TLDR, I voted “I didn’t start with D&D,” but it’s kind of complicated what constitutes “starting” and also what constitutes “D&D.” D&D kind of defined my gaming experience for many years, despite not always being the rules system I used.
As the annoying-yonger-sibling’s-best-friend to a regular D&D group in the 90s, I grew up having D&D deeply intertwined with my developing interest in fantasy, and I spent many years incorporating concepts I had passively absorbed from D&D into my childhood roleplaying. And not just “lore” elements like pretending to be elves or borrowing proper nouns from D&D settings, but actual pseudo game mechanics my friends and I would make up and play by. At a couple of points in probably 5th-7th grade I tried to essentially DM a game with maps drawn on graph paper and pretty much entirely improvised dice mechanics for some friends, just based on my outsider’s impression of what roleplaying games looked like.
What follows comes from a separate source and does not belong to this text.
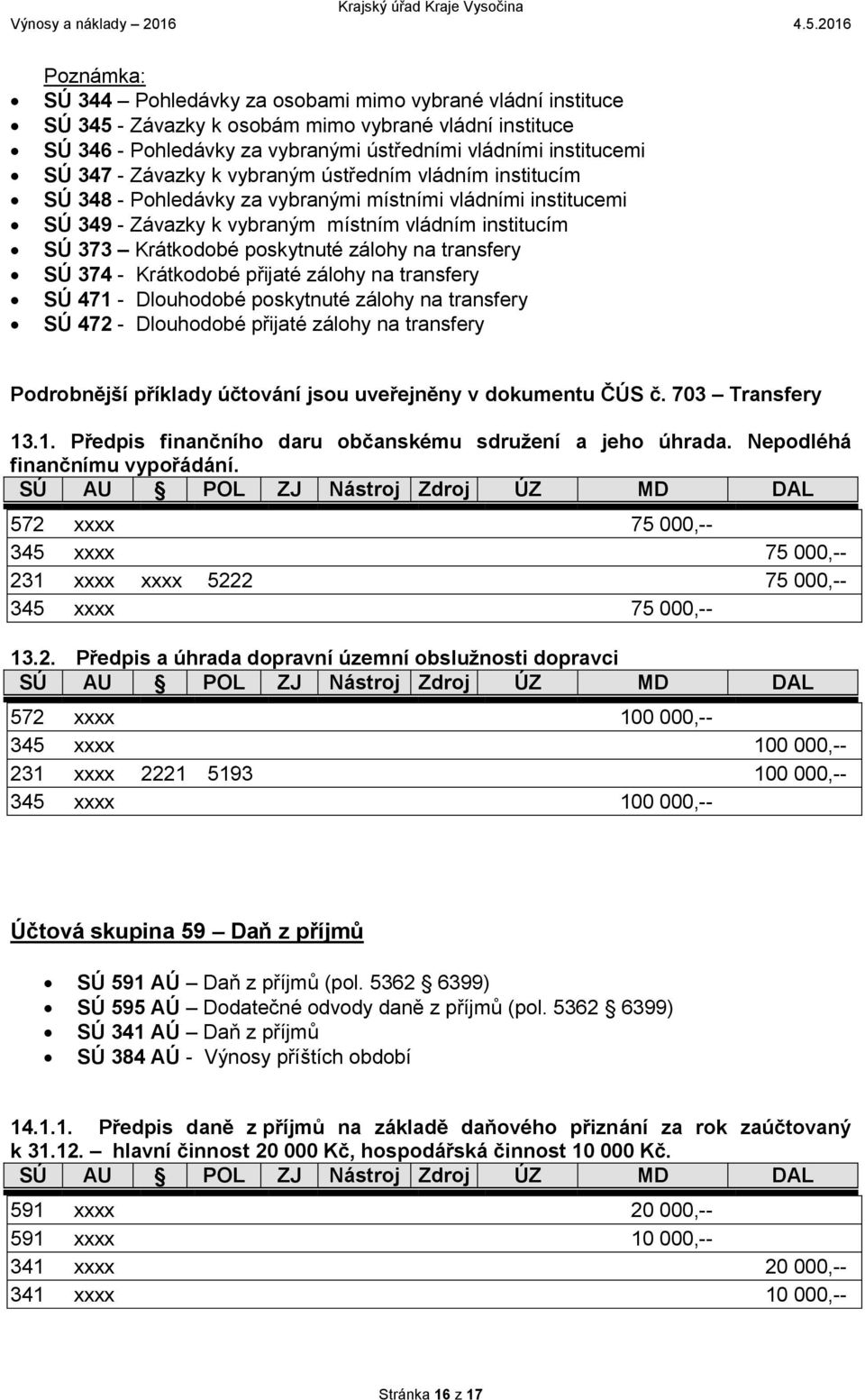 transfery SÚ 374 - Krátkodobé přijaté zálohy na transfery SÚ 471 - Dlouhodobé poskytnuté zálohy na transfery SÚ 472 - Dlouhodobé přijaté zálohy na transfery Podrobnější příklady účtování jsou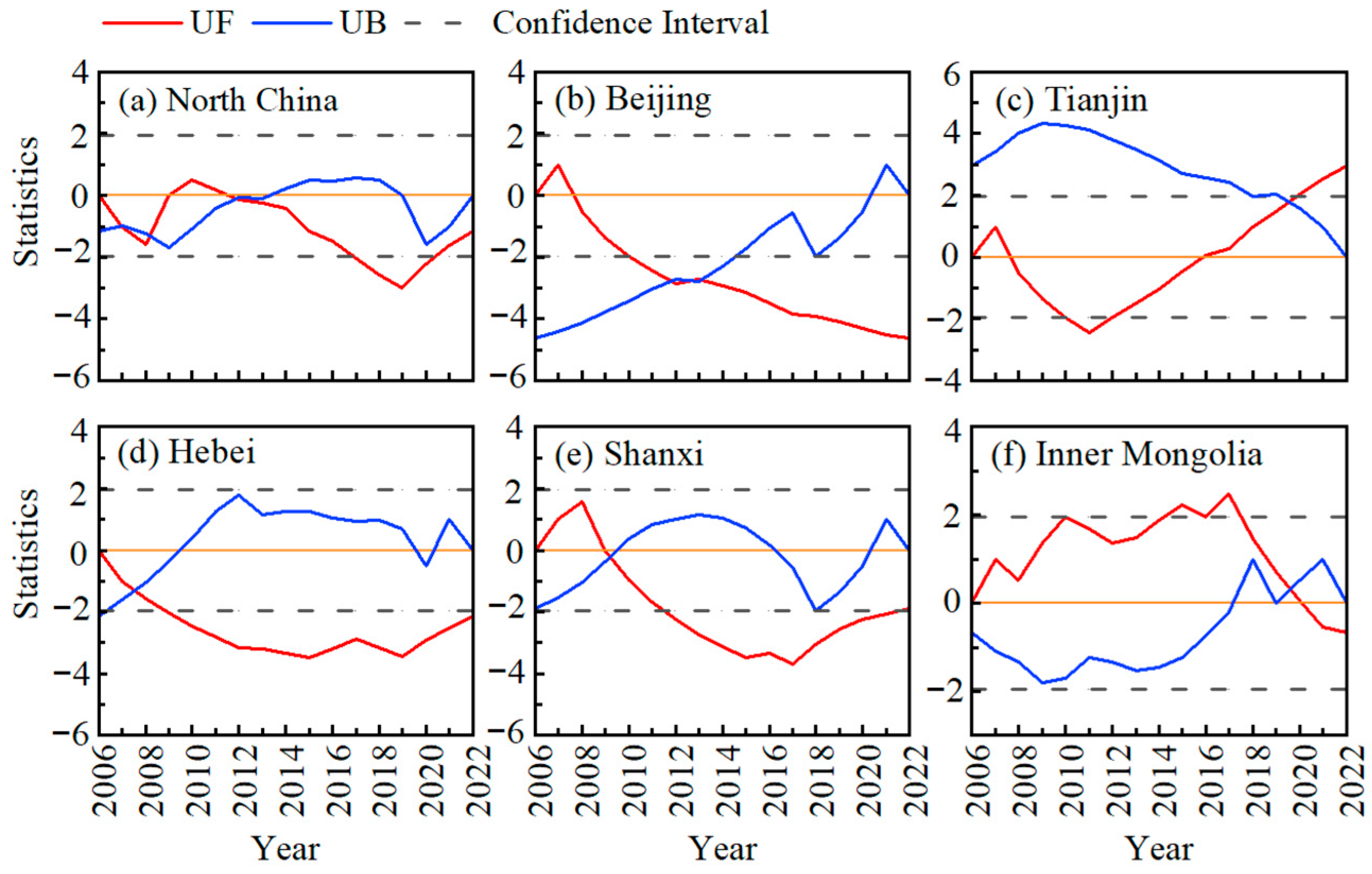 Sustainability 17 00199 g005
It wasn’t until 8th grade that I switched schools and met someone who was both familiar with actual published RPGs and willing to teach me to play them. At that time we played several different systems in rapid succession, and I don’t remember what specific systems we tried or which was first, but I remember that among them were D&D, and some d6-based system that to me came across as functionally D&D without as many cool different dice. We also tried Call of Cthulhu but my understanding of probability was not yet good enough to produce a competent character in a percentile system and I hated it, so we switched to the d20 conversion (I actually still have the book for that!)